[Try it] What is needed here is an exact repetition of the records below, beginning at the line that has "LINING Power 6" and stopping after the line that has "ALTINYILDIZ CLASSICS Erkek".

[Data extract]

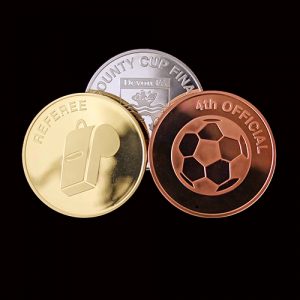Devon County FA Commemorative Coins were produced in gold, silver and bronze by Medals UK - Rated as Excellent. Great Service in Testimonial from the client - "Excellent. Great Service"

---

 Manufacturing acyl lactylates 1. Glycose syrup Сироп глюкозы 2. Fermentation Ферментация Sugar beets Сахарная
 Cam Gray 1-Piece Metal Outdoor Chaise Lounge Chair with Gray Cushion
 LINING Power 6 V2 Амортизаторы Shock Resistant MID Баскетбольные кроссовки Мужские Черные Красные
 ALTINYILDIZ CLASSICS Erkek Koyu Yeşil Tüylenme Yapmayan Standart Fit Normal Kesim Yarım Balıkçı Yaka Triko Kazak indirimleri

[Task response]
 LINING Power 6 V2 Амортизаторы Shock Resistant MID Баскетбольные кроссовки Мужские Черные Красные
 ALTINYILDIZ CLASSICS Erkek Koyu Yeşil Tüylenme Yapmayan Standart Fit Normal Kesim Yarım Balıkçı Yaka Triko Kazak indirimleri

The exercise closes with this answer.